◆ Description of the task: Scan the entries and state how many lines contain "from". Write no other text.
=== Section Start ===
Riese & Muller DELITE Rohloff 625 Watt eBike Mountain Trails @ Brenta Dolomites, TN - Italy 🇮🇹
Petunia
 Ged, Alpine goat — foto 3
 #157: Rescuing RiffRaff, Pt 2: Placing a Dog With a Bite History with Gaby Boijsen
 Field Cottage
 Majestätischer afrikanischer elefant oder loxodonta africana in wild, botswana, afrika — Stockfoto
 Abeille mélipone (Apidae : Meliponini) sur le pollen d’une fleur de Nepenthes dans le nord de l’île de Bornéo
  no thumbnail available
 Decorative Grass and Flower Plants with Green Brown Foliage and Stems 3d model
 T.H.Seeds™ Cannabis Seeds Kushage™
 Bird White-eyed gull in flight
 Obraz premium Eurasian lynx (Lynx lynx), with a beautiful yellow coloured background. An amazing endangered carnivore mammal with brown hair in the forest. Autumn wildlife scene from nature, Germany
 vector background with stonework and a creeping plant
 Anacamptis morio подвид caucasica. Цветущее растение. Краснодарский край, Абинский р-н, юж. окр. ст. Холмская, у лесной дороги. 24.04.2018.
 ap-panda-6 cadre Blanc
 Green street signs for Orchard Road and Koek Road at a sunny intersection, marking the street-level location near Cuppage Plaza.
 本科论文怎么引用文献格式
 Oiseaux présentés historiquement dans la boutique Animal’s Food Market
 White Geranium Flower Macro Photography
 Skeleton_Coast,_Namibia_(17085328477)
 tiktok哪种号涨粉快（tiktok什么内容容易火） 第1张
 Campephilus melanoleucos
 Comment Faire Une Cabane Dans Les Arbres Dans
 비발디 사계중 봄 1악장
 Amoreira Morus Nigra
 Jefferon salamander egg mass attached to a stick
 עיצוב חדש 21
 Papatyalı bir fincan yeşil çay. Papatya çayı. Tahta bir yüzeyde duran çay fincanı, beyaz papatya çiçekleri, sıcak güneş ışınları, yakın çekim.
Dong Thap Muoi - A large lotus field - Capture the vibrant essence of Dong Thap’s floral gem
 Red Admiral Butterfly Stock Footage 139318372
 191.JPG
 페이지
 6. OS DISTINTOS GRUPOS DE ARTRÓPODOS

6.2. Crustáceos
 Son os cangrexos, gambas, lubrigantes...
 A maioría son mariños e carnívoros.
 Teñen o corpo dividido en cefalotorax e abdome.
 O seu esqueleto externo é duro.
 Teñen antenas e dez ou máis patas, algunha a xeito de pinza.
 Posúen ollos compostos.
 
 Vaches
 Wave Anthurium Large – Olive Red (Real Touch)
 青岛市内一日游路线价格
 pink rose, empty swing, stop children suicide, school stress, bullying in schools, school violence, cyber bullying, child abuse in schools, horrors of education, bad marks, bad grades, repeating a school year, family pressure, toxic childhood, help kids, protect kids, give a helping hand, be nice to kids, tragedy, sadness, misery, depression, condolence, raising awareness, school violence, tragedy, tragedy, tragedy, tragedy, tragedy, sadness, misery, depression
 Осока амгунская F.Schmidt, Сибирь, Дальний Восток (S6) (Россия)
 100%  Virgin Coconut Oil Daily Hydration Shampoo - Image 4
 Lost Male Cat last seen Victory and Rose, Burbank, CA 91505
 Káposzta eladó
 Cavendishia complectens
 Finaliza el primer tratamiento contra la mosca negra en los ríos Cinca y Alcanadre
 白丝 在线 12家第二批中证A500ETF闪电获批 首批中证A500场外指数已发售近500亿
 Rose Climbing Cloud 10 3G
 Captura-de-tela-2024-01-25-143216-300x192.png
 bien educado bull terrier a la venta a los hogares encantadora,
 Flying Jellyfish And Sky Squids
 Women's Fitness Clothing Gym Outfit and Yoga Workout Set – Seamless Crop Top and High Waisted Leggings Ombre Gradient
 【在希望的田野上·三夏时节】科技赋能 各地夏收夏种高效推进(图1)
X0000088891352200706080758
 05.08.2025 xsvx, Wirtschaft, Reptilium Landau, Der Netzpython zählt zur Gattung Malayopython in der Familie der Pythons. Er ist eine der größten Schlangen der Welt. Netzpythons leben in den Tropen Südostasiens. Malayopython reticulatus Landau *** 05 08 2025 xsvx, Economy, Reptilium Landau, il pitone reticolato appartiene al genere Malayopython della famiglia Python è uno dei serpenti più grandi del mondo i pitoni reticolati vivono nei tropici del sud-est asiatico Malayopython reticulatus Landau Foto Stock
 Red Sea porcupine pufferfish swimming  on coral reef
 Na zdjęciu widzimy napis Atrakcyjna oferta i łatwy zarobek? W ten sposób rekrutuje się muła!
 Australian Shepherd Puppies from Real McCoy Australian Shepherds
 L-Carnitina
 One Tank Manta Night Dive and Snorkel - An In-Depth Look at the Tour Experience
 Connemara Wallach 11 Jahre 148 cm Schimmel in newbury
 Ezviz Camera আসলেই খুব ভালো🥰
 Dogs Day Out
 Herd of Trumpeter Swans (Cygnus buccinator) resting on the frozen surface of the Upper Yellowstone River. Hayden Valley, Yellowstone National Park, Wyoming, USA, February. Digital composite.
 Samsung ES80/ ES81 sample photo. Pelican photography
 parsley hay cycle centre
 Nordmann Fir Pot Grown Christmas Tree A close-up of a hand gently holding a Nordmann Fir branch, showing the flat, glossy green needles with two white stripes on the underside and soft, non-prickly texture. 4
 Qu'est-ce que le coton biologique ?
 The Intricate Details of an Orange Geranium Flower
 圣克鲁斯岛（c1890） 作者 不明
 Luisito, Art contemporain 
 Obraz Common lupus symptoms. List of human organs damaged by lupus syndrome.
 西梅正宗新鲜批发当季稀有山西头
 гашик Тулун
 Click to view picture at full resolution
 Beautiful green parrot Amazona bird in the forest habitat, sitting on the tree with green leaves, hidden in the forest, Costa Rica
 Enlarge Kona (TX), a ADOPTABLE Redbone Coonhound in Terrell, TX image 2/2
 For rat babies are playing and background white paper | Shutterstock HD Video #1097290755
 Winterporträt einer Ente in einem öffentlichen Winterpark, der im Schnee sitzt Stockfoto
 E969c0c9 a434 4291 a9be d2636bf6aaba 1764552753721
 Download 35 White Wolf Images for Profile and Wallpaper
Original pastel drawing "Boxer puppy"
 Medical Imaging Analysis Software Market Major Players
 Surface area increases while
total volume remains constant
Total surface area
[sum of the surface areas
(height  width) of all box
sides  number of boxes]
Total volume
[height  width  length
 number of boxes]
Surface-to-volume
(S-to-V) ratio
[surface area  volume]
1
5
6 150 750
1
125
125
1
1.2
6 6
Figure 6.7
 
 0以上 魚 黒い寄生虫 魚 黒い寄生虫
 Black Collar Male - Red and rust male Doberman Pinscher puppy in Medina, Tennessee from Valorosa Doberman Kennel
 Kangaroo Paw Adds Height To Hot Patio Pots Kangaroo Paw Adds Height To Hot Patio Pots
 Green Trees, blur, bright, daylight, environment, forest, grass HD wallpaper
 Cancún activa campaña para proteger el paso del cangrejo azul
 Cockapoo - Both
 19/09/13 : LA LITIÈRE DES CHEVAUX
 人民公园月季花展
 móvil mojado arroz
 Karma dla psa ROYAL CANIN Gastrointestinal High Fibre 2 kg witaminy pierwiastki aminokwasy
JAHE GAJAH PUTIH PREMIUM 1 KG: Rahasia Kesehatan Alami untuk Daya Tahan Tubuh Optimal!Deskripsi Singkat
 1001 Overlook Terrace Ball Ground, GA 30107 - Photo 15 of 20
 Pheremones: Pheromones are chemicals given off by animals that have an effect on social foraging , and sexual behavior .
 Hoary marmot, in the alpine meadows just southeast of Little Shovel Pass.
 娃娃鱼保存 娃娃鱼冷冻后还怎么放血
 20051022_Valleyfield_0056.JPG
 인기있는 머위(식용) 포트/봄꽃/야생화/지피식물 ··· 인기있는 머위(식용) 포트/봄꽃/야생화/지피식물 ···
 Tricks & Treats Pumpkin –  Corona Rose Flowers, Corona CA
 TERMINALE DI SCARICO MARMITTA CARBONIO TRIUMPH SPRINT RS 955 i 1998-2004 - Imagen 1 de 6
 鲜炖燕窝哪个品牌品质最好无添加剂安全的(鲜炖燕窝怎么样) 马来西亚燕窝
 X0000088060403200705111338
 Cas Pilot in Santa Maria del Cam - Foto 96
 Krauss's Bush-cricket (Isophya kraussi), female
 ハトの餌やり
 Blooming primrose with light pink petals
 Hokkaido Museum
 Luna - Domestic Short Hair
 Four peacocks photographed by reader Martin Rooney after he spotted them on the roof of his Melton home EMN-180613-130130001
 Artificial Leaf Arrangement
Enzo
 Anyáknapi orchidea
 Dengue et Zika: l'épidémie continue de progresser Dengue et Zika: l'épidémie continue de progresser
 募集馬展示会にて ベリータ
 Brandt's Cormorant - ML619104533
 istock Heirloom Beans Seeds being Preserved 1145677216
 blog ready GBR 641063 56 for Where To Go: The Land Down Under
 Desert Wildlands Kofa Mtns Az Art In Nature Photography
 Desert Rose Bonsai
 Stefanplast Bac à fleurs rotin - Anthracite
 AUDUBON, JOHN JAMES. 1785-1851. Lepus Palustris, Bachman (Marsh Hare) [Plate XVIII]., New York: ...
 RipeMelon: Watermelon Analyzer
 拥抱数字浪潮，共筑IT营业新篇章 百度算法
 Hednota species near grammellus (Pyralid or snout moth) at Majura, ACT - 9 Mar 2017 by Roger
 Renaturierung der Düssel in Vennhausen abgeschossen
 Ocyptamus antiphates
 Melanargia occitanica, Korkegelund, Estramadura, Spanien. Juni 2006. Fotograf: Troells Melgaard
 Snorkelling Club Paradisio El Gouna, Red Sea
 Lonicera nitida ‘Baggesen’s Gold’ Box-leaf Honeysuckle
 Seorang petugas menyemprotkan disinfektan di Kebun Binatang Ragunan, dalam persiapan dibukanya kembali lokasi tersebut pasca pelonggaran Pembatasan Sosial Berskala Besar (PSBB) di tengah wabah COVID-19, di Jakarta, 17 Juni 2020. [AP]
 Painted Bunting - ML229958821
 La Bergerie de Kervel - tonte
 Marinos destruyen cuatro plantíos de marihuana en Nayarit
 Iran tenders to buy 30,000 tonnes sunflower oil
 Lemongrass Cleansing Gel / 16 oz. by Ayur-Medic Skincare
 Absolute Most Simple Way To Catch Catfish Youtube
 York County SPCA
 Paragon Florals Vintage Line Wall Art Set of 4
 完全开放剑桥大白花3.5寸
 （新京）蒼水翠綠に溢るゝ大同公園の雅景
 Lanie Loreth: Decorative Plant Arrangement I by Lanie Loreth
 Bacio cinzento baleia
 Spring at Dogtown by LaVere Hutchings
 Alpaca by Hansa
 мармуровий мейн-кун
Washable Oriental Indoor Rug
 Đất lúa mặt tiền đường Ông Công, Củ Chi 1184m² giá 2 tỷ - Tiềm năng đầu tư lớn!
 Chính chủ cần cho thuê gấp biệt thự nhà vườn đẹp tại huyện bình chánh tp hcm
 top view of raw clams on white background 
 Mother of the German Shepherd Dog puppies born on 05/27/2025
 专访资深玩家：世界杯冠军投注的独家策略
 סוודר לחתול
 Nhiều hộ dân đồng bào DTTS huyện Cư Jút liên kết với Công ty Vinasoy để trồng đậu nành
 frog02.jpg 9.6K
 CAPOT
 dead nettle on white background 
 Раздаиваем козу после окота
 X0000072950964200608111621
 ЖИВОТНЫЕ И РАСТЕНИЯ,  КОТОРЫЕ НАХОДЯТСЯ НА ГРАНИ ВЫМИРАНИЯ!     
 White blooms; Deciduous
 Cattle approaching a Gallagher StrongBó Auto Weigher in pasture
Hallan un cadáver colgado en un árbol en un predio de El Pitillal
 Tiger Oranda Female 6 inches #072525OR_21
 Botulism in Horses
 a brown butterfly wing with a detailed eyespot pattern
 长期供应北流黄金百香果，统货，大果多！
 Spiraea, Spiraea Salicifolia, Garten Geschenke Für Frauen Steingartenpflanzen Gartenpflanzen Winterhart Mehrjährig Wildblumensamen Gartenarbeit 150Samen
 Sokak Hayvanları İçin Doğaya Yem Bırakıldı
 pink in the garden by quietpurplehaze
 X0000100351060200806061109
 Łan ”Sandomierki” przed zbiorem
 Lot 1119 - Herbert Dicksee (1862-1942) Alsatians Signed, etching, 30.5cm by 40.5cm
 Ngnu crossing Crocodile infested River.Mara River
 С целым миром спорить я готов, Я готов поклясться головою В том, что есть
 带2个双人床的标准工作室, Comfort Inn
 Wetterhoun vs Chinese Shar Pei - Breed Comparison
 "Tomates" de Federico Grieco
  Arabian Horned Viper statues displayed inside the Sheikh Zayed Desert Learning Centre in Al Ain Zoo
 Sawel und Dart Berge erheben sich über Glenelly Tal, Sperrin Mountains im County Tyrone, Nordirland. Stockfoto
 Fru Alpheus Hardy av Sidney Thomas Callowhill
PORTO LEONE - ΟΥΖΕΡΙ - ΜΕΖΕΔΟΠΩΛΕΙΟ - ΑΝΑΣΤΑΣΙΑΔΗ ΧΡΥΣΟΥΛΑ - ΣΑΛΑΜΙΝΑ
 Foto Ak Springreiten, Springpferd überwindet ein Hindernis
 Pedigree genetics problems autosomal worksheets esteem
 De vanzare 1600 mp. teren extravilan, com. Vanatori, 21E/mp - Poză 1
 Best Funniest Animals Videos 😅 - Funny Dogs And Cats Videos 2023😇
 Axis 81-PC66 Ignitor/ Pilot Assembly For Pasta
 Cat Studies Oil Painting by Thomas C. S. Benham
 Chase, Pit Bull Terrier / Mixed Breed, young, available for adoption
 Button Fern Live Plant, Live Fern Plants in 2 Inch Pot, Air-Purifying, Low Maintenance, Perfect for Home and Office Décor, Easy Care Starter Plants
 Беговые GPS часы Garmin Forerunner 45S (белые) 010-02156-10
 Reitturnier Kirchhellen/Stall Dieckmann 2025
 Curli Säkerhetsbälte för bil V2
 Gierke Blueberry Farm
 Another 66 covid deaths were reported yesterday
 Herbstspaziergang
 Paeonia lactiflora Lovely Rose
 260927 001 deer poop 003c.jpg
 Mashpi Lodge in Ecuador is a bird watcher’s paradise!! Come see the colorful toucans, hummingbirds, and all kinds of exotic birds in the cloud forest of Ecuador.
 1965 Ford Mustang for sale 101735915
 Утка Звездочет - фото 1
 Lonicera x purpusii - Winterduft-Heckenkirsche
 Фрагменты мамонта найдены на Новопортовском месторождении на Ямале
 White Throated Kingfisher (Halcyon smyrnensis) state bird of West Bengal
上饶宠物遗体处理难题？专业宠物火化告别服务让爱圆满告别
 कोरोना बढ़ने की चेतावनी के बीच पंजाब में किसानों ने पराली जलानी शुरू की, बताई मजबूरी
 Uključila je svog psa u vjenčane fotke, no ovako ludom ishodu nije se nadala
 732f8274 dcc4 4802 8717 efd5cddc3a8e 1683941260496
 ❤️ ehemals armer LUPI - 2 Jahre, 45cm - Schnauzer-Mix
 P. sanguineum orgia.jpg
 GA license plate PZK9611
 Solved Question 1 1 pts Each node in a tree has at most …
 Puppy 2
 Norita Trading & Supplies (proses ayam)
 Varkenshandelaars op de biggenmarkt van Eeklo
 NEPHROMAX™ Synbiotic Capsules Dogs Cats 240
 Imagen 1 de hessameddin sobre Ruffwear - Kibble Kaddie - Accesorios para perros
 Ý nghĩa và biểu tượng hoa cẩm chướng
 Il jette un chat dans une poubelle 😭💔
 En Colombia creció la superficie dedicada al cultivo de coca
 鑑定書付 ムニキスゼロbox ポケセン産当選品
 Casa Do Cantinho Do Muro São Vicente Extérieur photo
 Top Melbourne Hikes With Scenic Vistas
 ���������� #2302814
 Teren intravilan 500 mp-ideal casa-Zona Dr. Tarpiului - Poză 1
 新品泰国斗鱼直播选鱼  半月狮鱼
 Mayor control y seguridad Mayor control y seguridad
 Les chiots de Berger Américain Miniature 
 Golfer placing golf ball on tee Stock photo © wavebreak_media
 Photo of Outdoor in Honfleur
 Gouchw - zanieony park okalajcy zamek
=== Section End ===
◆ Answer box: 3